Although Strangis had a great deal of broadcast experience, his tryout as color commentator on the Minnesota North Stars radio network was a longshot; other better-known local hockey personalities received more air time during the auditioning process. The five potential candidates split up a game as guest commentators alongside Al Shaver, then voice of the team. Two better-known talents each took a period, and then the three longshots split up the third, with Strangis going last. When Al Shaver was asked who he liked the best, he chose Strangis.

===Ralph and Razor===
In 1996, former NHL goalie Daryl "Razor" Reaugh joined Strangis as the Stars' color commentator, thus creating the popular duo "Ralph and Razor". The two achieved a near cult-like following in the city of Dallas, so much so that, even though fan support and Dallas' media market size could easily support separate radio and television broadcast teams, the Stars elected to continue simulcasting the pair.

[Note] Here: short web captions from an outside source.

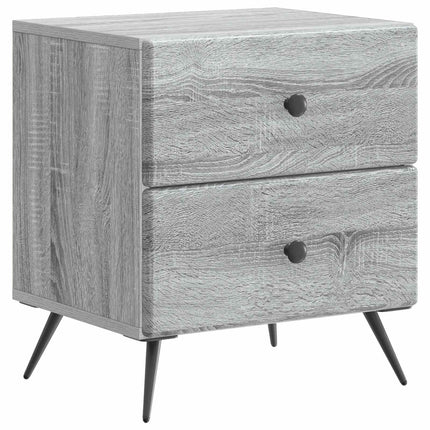 Nattduksbord med låda 2 pcs Grå sonoma-ek 43 x 34,5 x 47,5 cm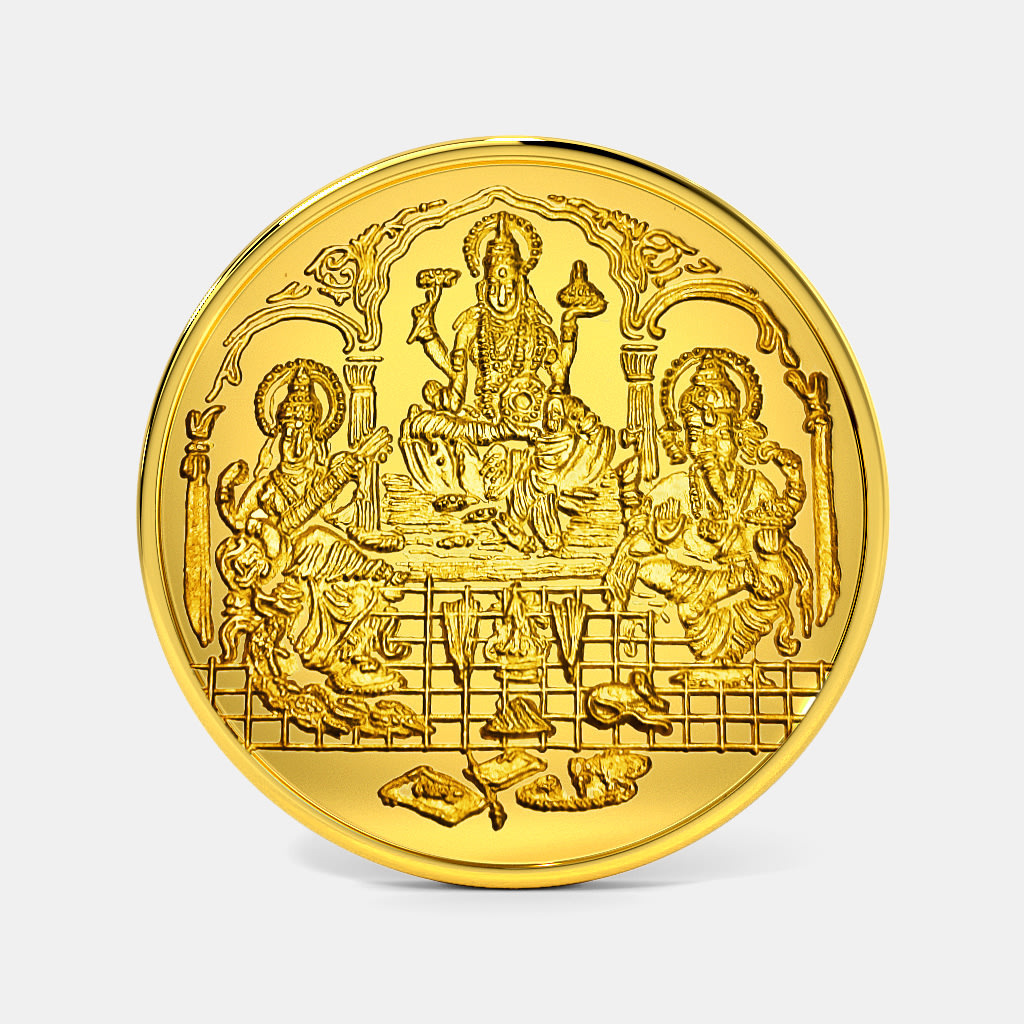 50 gram 24 KT Lakshmi Ganesh Saraswati Gold Coin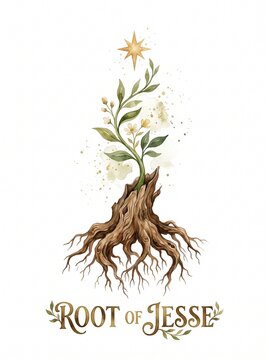 Roots of Jesse represented in an illustration with plant and star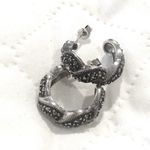 JACK JUDITH  Rope Braided Sterling Silver Marcasite Demi Hoops Photo 0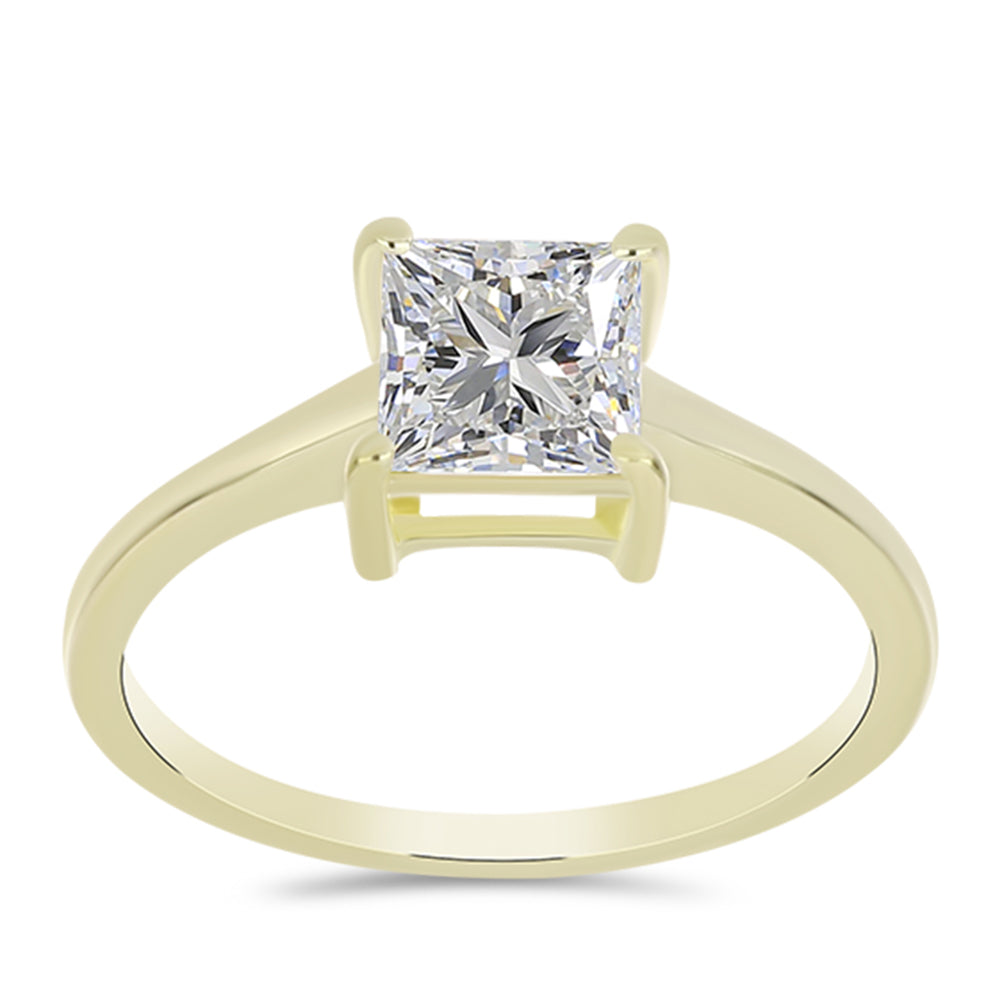 Anillo de Plata Bañada en Oro con Diamante certificado y cultivado en laboratorio 3 
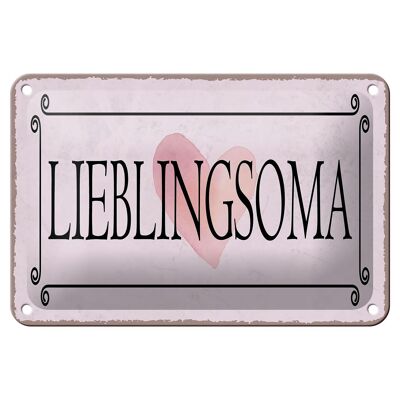 Blechschild Hinweis 18x12cm Lieblingsoma Herz Geschenk Dekoration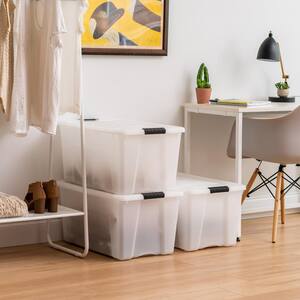 70 Qt. Stack and Pull Nesting Storage Tote, with Black Latching Clips, in White, (3 Pack)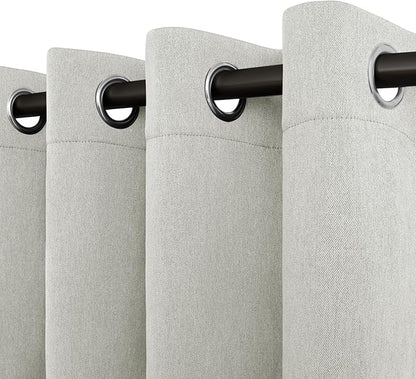 Easy-Going Linen Look Blackout Curtain 108 Inch Length Grommet Window Curtain Drapes for Bedroom, Living Room Thermal Insulated Room Darkening (Set of 2 Panels, Light Gray)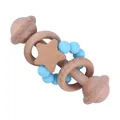 Wooden baby rattle with blue silicone beads and star detail for sensory teething play - Sky Blue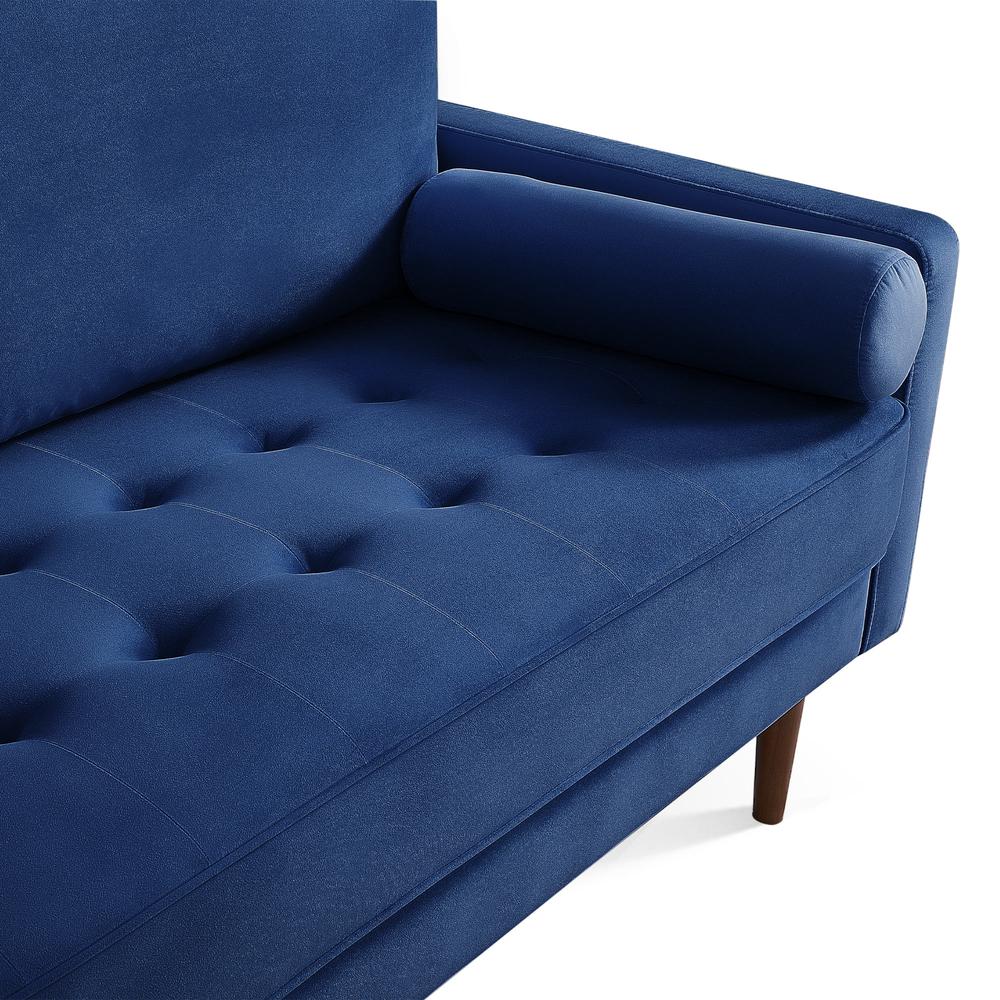 57 Inch Wide Upholstered Two Cushion Loveseat with Bolster Pillows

In a poll conducted by the Dallas Morning News, his most famous line was voted the most memorable moment in Dallas history. "Hull scores! Yes! Yes! Yes! The Stars win the Stanley Cup, the Stars win the Stanley Cup!"

===Other appearances===
He was a contestant on the game show Press Your Luck on the episodes that aired on May 28 and 29, 1984 and Strangis won $7,431 in cash and prizes. Strangis also appears often in commercials for the Stars that air on TV and on the jumbotron at the Stars' home arena.